As well as the content of macro-CTA, the particle size of the PFDCs showed a strong effect on antibacterial activity, as shown in Fig. 6(d). Generally, a bigger particle size led to a smaller A.R. value (i.e., antibacterial activity), and this tendency was more striking against S. aureus as the A.R. value decreased a lot more with the increase of Dh. A feasible explanation for this is that the total number of positive charges was constant on the surface of the PFDCs, while a large particle size led to a decrease in the positive charge density, leading to fewer cations in contact with the bacteria. This also explains why the A.R. value of the macro-CTA was a bit lower than that of either Ph60St30 or Bu60St30. On the other hand, E. coli has a long cylinder shape with a larger contact area and was able to contact more spherical PFDC particles compared to S. aureus, which had a circular shape. The two factors described here both affected the antibacterial activity, as illustrated in Fig. 6(f). Fig. 6(d) highlights the Dh region that produced the special morphologies observed using SEM, and it seems that the special morphologies had no specific antibacterial activity against E. coli, while in the case of S. aureus, the ball-bearing ring shaped PFDC had a better antibacterial activity, which might be due to its higher topological adaptability and contact area to contact with the spherical S. aureus, as shown in Fig. S11 (ESI).

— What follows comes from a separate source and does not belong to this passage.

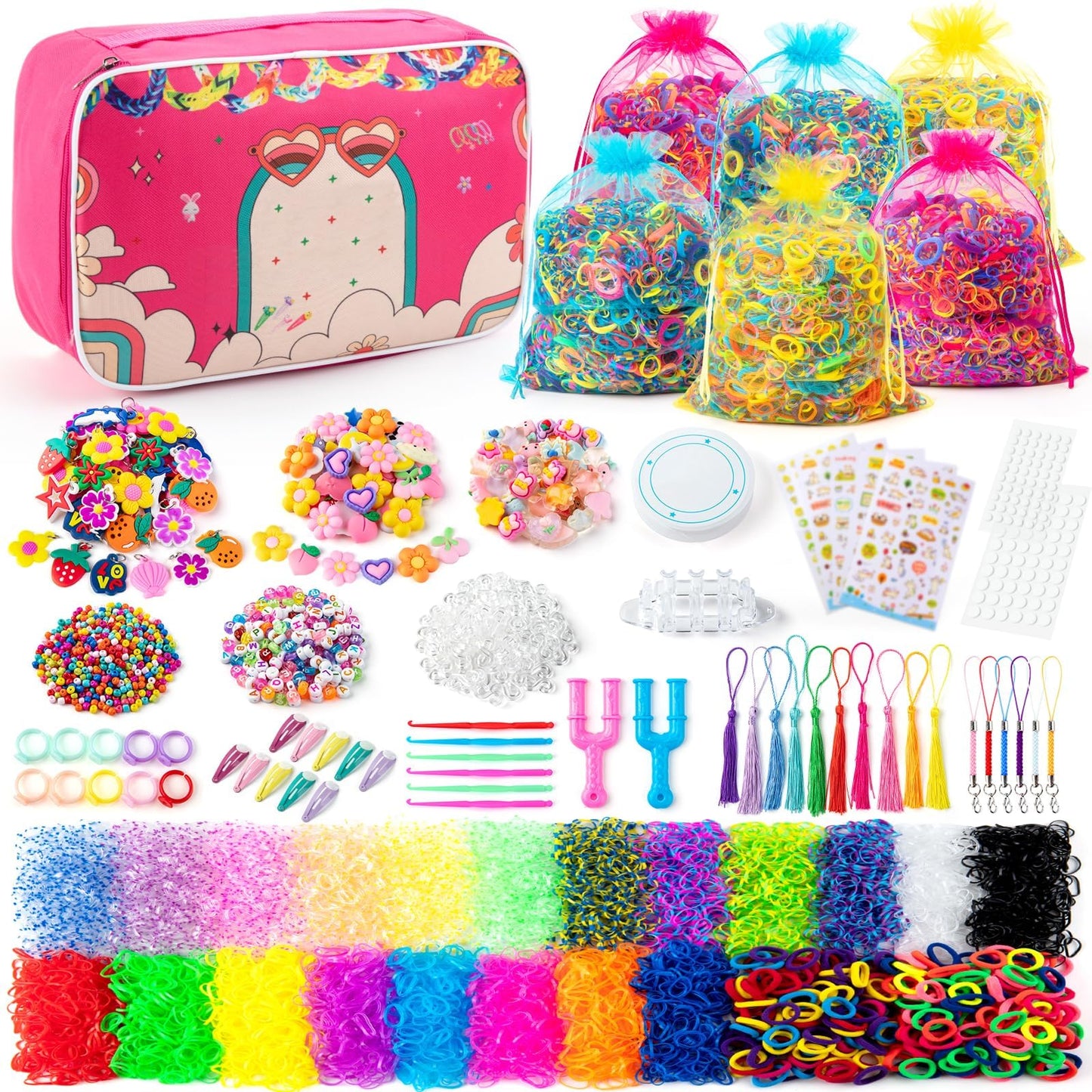 Sundaymot 18000+ Rubber Loom Bands Kit | DIY Bracelet Making Set with Canvas Bag and Accessories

The results of the colony formation assay showed that the Ph60St30-M sample had the highest antibacterial activity against E. coli and S. aureus, whereby the A.R. values reached 99.9% and 99.7%, respectively. Therefore, the Ph60St30-M sample was further applied to evaluate the minimal inhibition concentration (MIC), as shown in Fig. 7. By measuring the optical density (OD) at 600 nm, the concentration dependence was examined to quantify the antibacterial activity against E. coli and S. aureus (107 CFU mL−1) for the Ph60St30-M sample. At a dose of 40.00 (μg·mL−1), E. coli growth was completely inhibited while in the case of S. aureus, a higher dose of 60 (μg mL−1) was required for full inhibition (Fig. 7), which was consistent with the colony formation assay results. In other words, the MIC for E. coli and S. aureus was 40 (1.4 μmol L−1) μg mL−1 and 60 μg mL−1 (2.2 μmol L−1), respectively, comparable to some commercial antibiotics and better than the reported polymeric antibiotics with a single active site (Table 2). Therefore, the synthesized copolymers showed excellent antibacterial activity.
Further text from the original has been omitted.